These are wines made by stopping the fermentation which prevents most of the natural grape sugar being transformed into alcohol. Not only are the sweetest grape varieties used like the Moscatel and Pedro Ximénez, but the process also often includes the concentration of this sugar by the evaporation of some of the water contained in the grape, such that the must can reach 22° Beumé which makes it very difficult for the yeasts to ferment. This practice is known as “asoleo” or sunning the grapes.
After pressing the grapes, the incipient fermentation of the must is stopped by the addition of wine-based alcohol which results in wines with extremely high sugar content; above 220 grams per litre, and on occasion over 400. The alcohol content of these wines consists fundamentally of the wine alcohol added to stop the fermentation and is usually about 15% to 18%.
These wines are nearly always made from single grape varieties and their characteristics are closely connected to the aromas of the selected grape with which they share their name.
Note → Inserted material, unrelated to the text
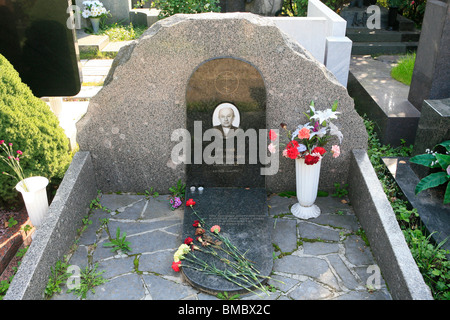 Tombe de l'acteur de théâtre et de cinéma soviétique Yevgeniy Yevstigneyev au cimetière Novodievitchi à Moscou, Russie Banque D'Images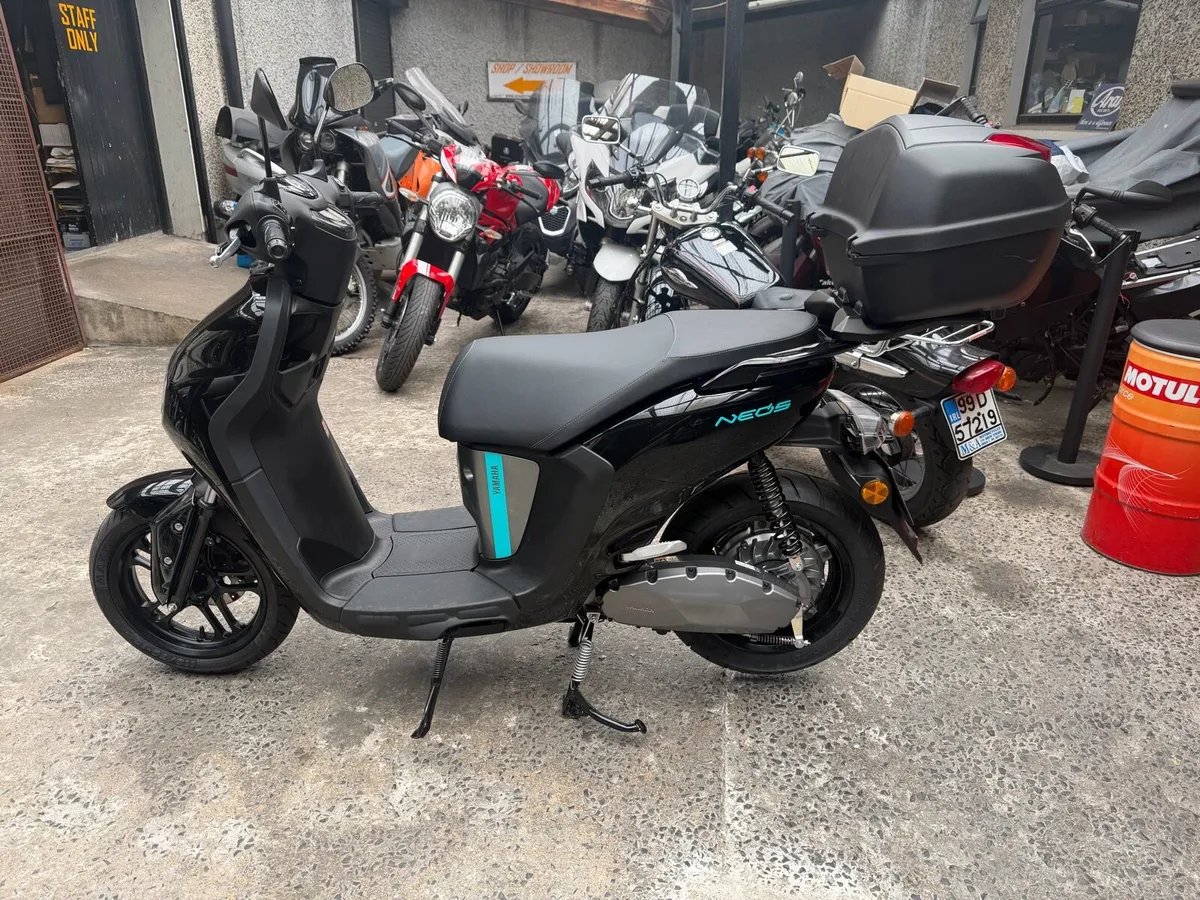 2025 Yamaha Neos Electric Scooter - Image 2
Moscatel is a wine made from grapes of the same name in the coastal areas of the Sherry production zone. Reference is often made to “Moscatel de pasas” (pasas are raisins) when the process of asoleo has been carried out, or “Moscatel Oro” or “Dorado” when it has not. The differences are notable with colour going from golden to intense mahogany and very different textures depending on the sugar content (over 220 g/l). However all these wines offer the floral, herbaceous and citric aromas characteristic of the grape, enhanced more or less by oxidative ageing. On the palate they are very sweet but always fresh thanks to an agreeable acidity.
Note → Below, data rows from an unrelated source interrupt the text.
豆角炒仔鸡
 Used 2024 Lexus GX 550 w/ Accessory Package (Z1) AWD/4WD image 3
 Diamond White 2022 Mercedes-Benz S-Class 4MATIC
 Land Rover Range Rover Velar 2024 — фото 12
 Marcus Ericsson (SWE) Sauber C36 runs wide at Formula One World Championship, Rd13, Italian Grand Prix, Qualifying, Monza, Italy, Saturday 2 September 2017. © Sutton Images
Pedro Ximénez, unlike Moscatel, is always made from sunned grapes, thus producing a concentration of sugars which is never below 250 g/l and often reaches more than 400. The resulting wine is extraordinarily dark, from chestnut to jet black with iodine coloured reflections and almost always completely opaque; it has a texture which makes the wine stick to the glass and gives a smooth velvet sensation to the palate. Its aromas, initially those of honey and dried fruit (raisins, figs, dates…), evolve as it ages towards tertiary notes of extraordinary richness: toasted notes (coffee), liquorice, and develops ever deeper colour and complexity
The third of the groups of Sherry wines is that produced by the “cabeceo” or blending of the wines described above. Logically the possibilities are endless, given the number of wines available and possible variations in proportions. The regulations of the Denomination of Origin simply establish a few very broad limits so it is difficult to give precise descriptions of each one as each bodega has its own criteria when making up their “cabeceos” for their commercial brands.
This group includes Pale Cream, Medium and Cream. In general these are wines connected in some way to the most British tradition in Sherry as the blends have historically in response to the requirements of overseas customers. They even made some themselves in their own country (mainly England) using “pure” wines imported from Jerez. Nowadays, naturally, all the blends are made in the bodegas of the Sherry area once all the component wines have completed their respective ageing.